Yogi tea and Kundera coming together

Travel light
Said a note on my Ayurveda tea bag


Two short words with a grand meaning, and I pondered over them while getting lost in a wonderful quartier Panier, in an old part of Marseilles.


A great place to evaluate life's baggage and plan for a lighter future


This is where Kundera's thoughts on lightness met yogi and united they rest in an old French geography book

1 comment:

  1. I found this note over a year ago in the London Review Bookshop, just down the way from the British Museum, in a copy of Kundera. I was with the young woman who, at the time, had just led me to what I thought was a pathway of lightness. For her, I abandoned a promise of marriage to someone else, someone who wanted me to choose weight over lightness. Instead, I chose what I thought was careless love, and to that love I gave my soul. It was finding this note that caused me to read Kundera at all, because she said to me, "Now you have to buy it", and I did.

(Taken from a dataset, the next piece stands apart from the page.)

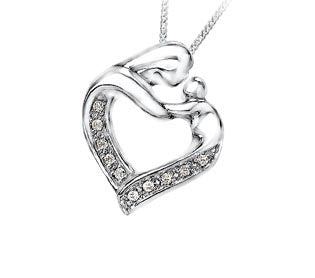 10K Gold Mother Child Heart Necklace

    By love's bitter mystery and culminating paradox, however, that lightness turned to stone, for she became the other half of me. I found that the very thing I had turned my back on, the weight, was the thing I desired most in the world. It was to be alone with her that I found myself wanting to be pulled down, even to the depths of the world. I was granted that wish, and for her I fell to earth, moved home, took a job, and worked at it diligently.

    She left me a month ago today, suddenly. We had talked of our love like a revolution; we were both political science majors. It was a very Soviet style transformation from People's Hero to Non-person for reasons never understood. If it was our revolution, then I was Danton, remarking that, like Saturn, the revolution has devoured its own children, and she was Robespierre, assembling a Jacobin coterie for my execution. The blade fell, as it were, about a year and a half after I found this book with her and felt the weight of her fingers entwined with mine for the first time.

    Now I am inconsequential. Free, plain and simple, but, yet, I am not lightness.

    I looked at the note again today, and realized I had never pondered which condition I would choose. You, kind author, indicated your choice: lightness. You drank it in tea form, and it seems you looked to it as a shibboleth in your future travels. I wouldn't disagree, given the nauseating vertigo I suffer because, to quote Auden, I am now living "in freedom by necessity". Indeed, I often long for that same sensation, a beneficent and impervious in-consequence that marked my youth; the sense of saying yes only to those things that were, and not to those things that wanted me to stay put in abstract purposes.

    Yet, though loathe to disagree with you, for all that I've had, quietly, in that Soviet love she gave to me, and for all that it is that still batters my heart, I would chose that weight and that hand in mine. That was my choice, weight, even without realizing it, and I realize (latent) that I was truly happy, deeply and beyond words, for a time. I leave it to you to make your own conclusions.

    I hope your travels beyond Marseilles were light and free from baggage.